Still, isn't it amusing somehow how the number 3Ghz stands as an invisible wall? While some have peeked over, it's stood there for surely 6 years now.

At any rate I'm crossing my fingers for a Desktop-based iMac, and Mini (in a slightly bigger case and with a discrete GPU).
 
I hate them in the worst way, especially in an office environment. Apple really needs to do something with the Mac mini or come out with an affordable tower…otherwise they are dead to me. To be honest, Windows 7 is looking pretty sweet anyways. Plus...you have tons of hardware options going that route.

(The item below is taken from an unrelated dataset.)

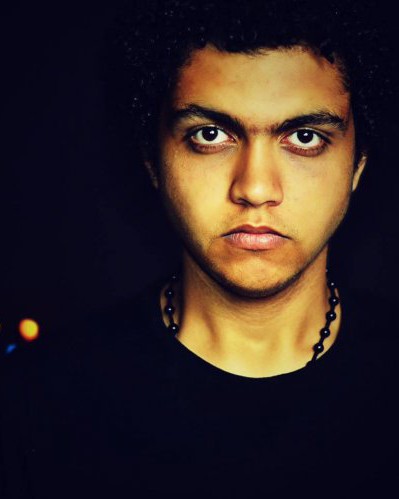 profile-img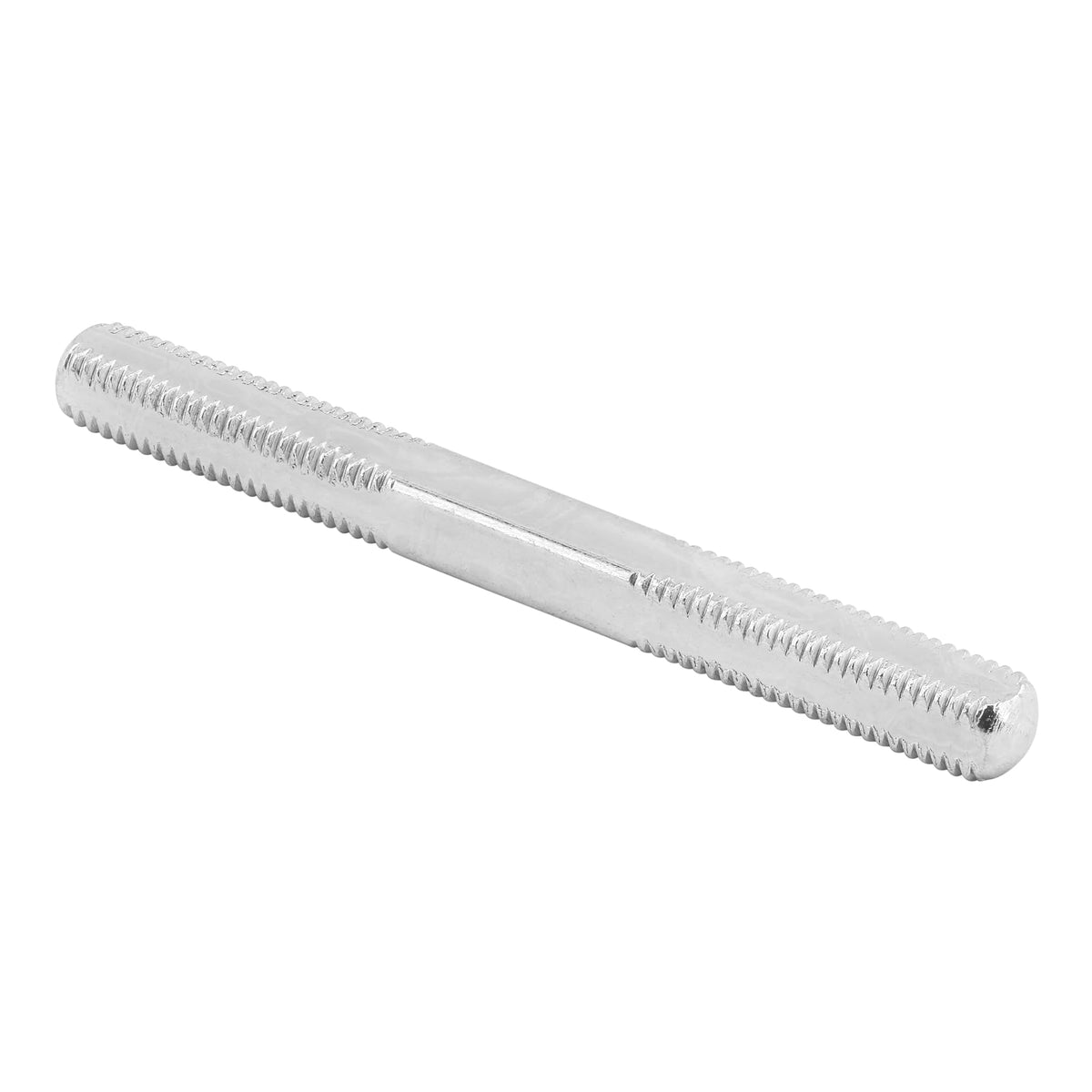 Diecast base with screws for Prime-Line E 28315 mounting.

iMac is a home machine though and I suspect home users do prefer glossy as it makes the colours pop more than a matte. I'm with you as I do a lot of photography and a glossy screen makes colour accuracy more difficult.
 
Take a chill pill.
They're not worthless just because you've put in a bunch of hours into the Gainestown thread.

They are, in fact, quite decent chips.
In other words; enough with the zealotry.

LOL

.... but I do have to agree with Skil - MPs will have the Gainestown 8 core
 
The day iMac comes equipped with NVIDIA 9800 and Quad-Core is when I buy the iMac..

til then.. I'm happy with my home gaming PC...
 
Still, isn't it amusing somehow how the number 3Ghz stands as an invisible wall? While some have peeked over, it's stood there for surely 6 years now.

Are you sure you don't mean 4 Ghz? My girlfriend's ancient (c. 2004) laptop has a cpu of 3.06 Ghz (as does the top end imac). In fact, Prescott processors reached 3.8 Ghz before intel regressed to the Pentium III design to launch the core range.
 
Are you sure you don't mean 4 Ghz? My girlfriend's ancient (c. 2004) laptop has a cpu of 3.06 Ghz (as does the top end imac). In fact, Prescott processors reached 3.8 Ghz before intel regressed to the Pentium III design to launch the core range.

So what? They were still incredibly slow.